**REQUIRED ACTION**
Below this line are records; transcribe exactly the lines between the one holding "Ford Focus 1.6 SYNC Edition - 1" and the one holding "Volkswagen up! 1.0 TSI GTI - 1", inclusive, and omit the pictures.

**RECORDS PROVIDED**
========================

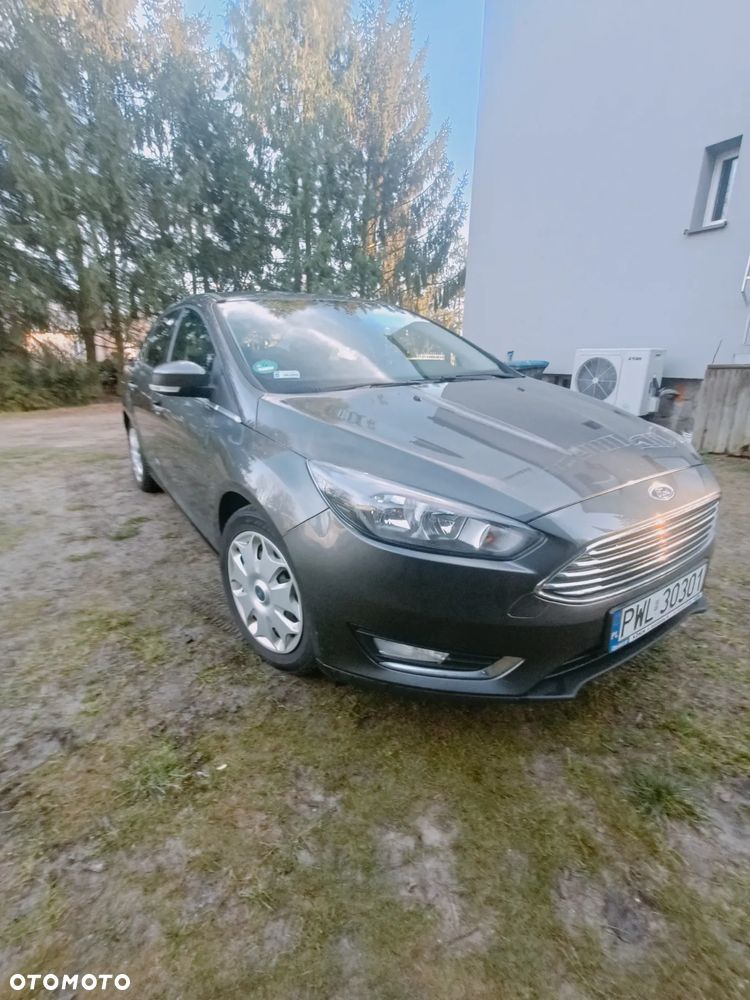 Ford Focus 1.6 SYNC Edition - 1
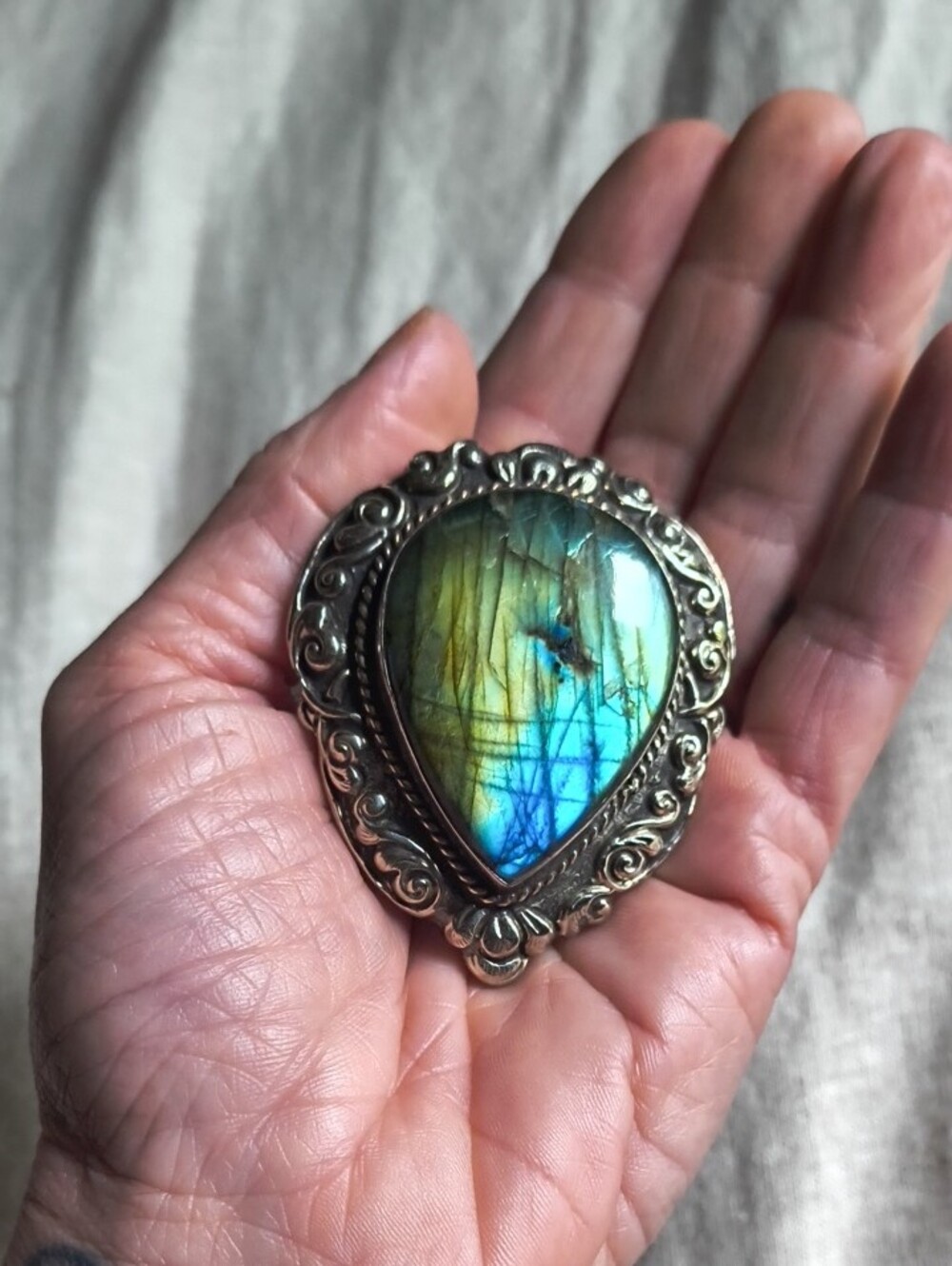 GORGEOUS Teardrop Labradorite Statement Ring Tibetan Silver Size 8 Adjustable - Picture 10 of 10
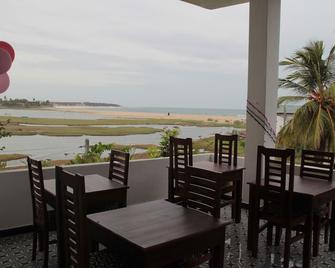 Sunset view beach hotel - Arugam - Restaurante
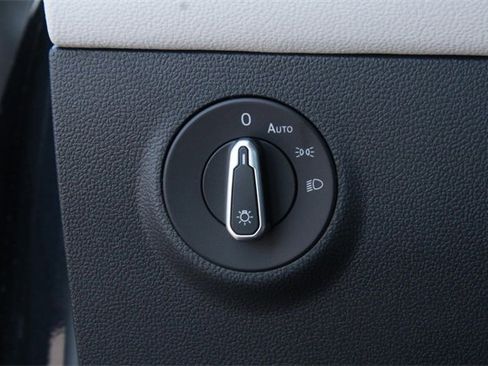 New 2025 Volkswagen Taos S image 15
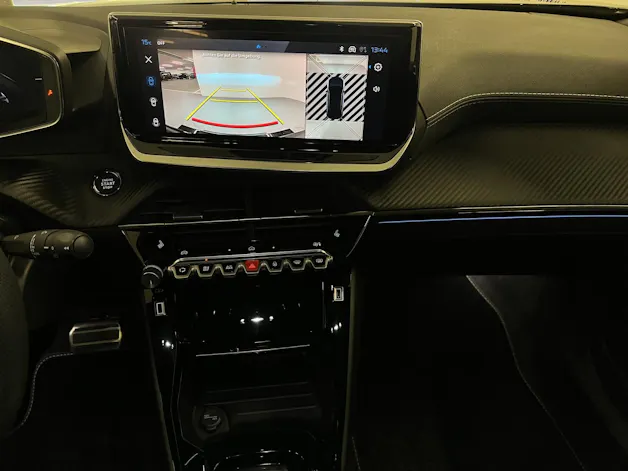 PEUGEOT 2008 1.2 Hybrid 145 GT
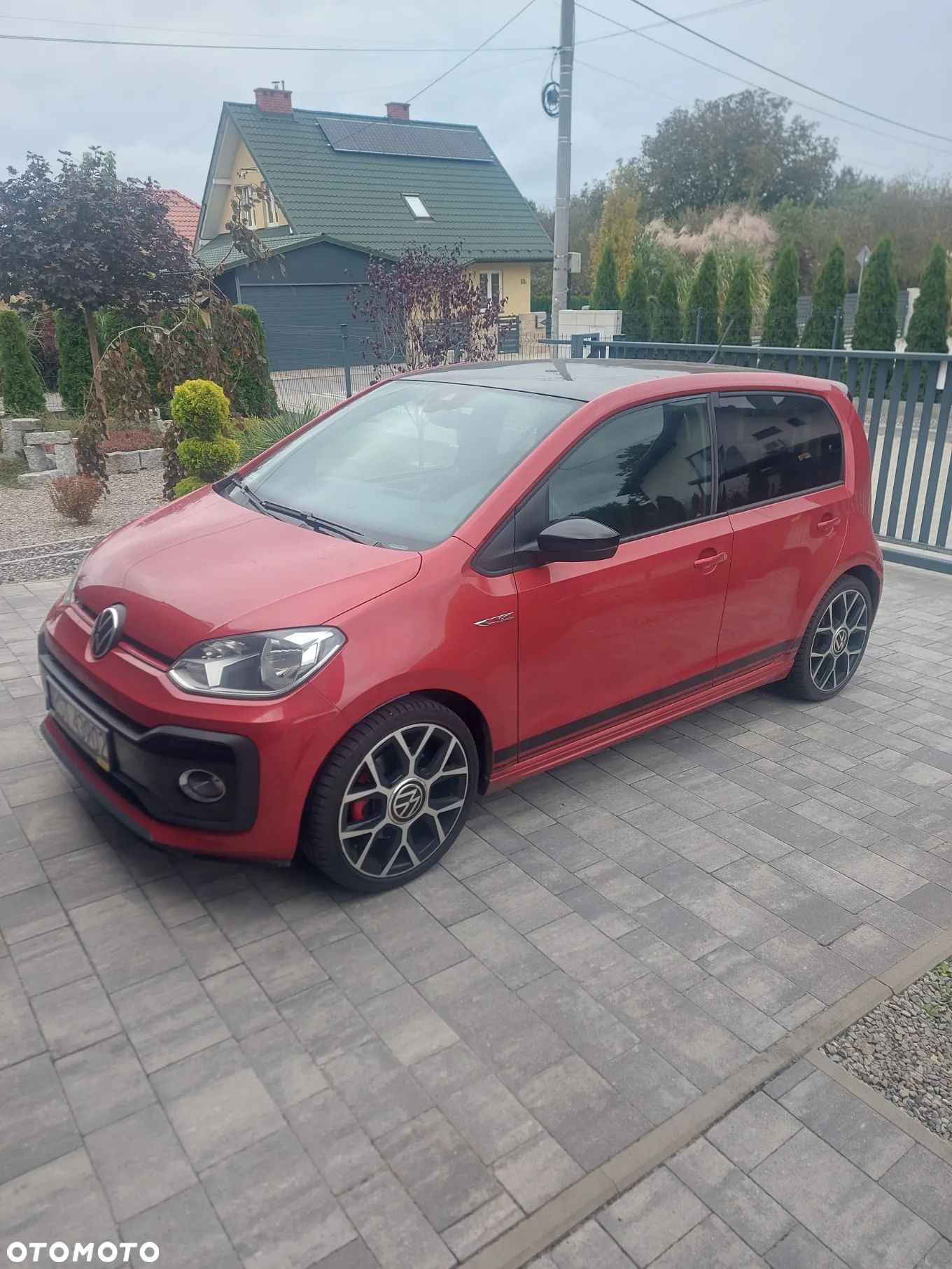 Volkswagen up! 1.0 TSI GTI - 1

========================

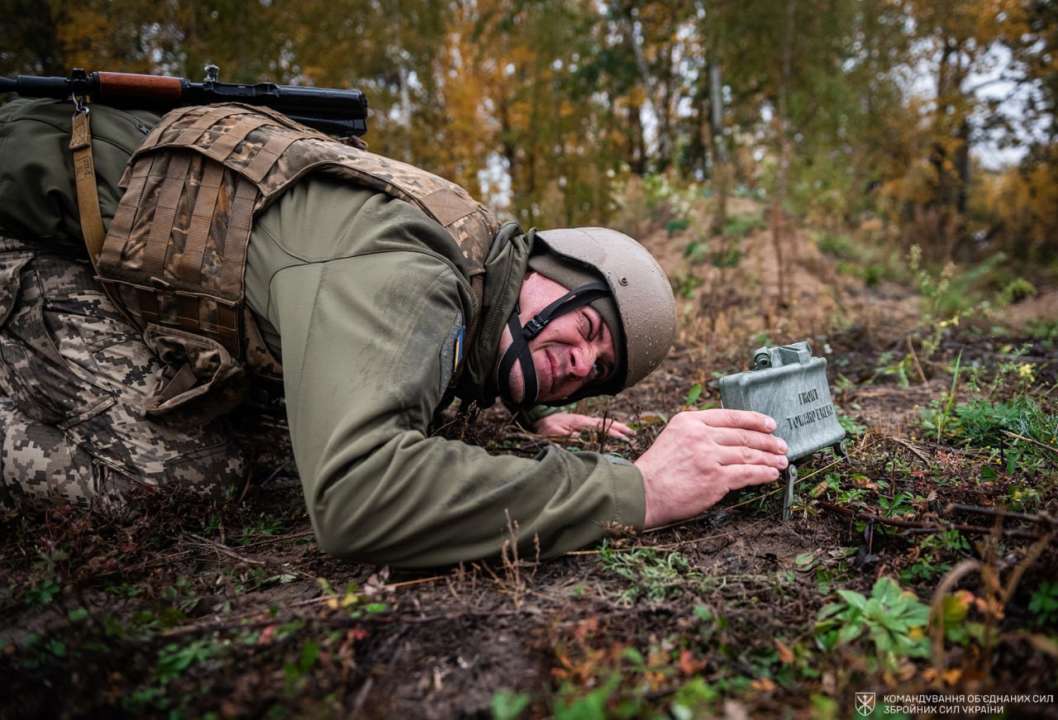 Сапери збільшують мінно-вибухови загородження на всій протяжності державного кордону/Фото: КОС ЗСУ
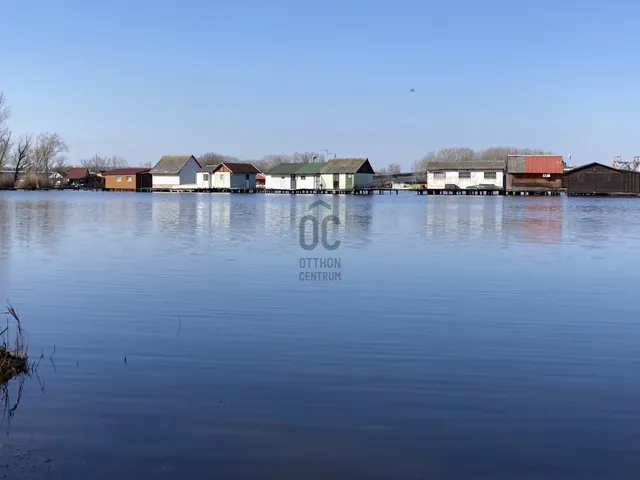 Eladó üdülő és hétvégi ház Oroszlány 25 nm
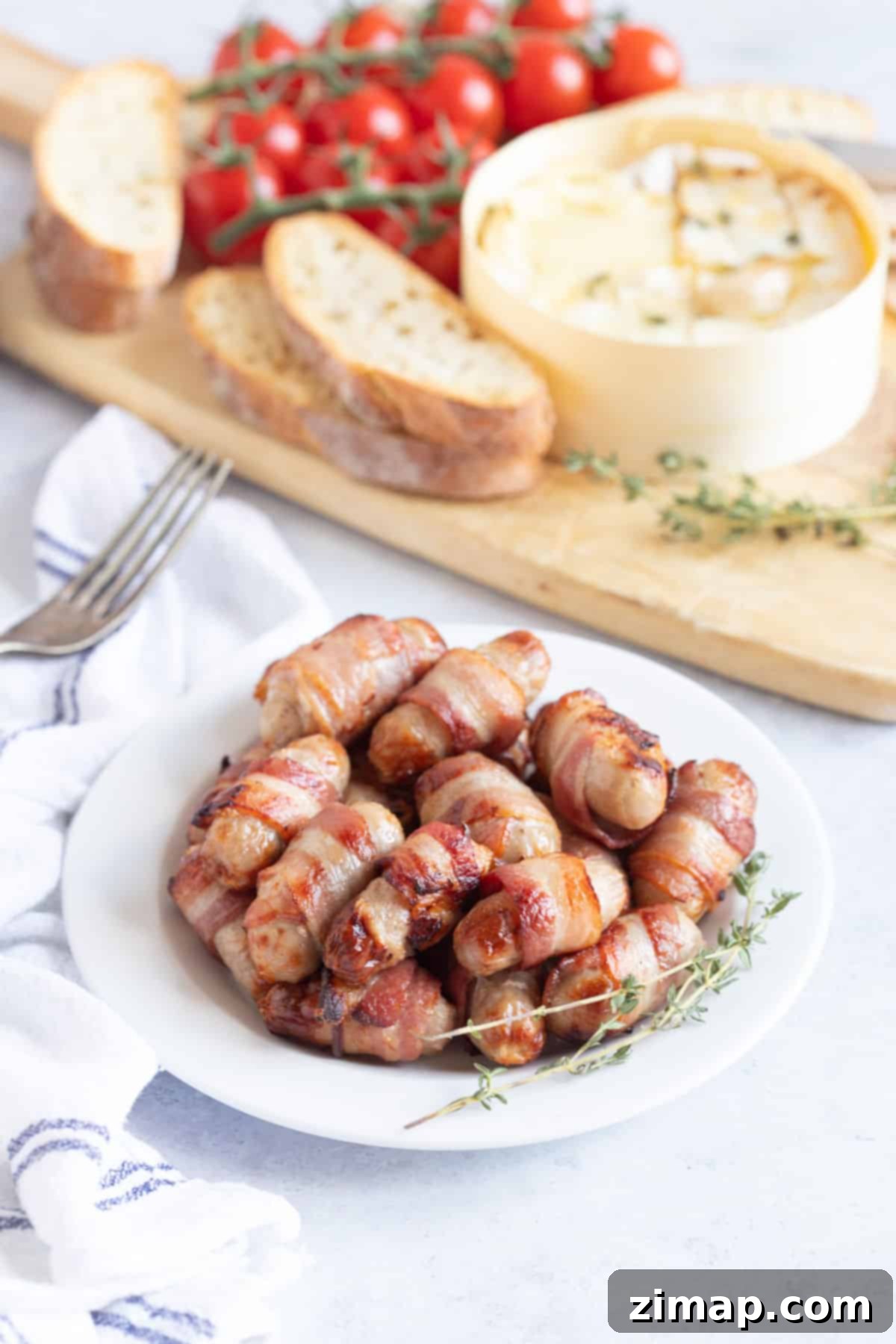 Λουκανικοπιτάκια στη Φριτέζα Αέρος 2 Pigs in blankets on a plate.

========================

**ANSWER BOX**
 Ford Focus 1.6 SYNC Edition - 1
 GORGEOUS Teardrop Labradorite Statement Ring Tibetan Silver Size 8 Adjustable - Picture 10 of 10
 Sunset view beach hotel - Arugam - Restaurante
 New 2025 Volkswagen Taos S image 15
 PEUGEOT 2008 1.2 Hybrid 145 GT
 Volkswagen up! 1.0 TSI GTI - 1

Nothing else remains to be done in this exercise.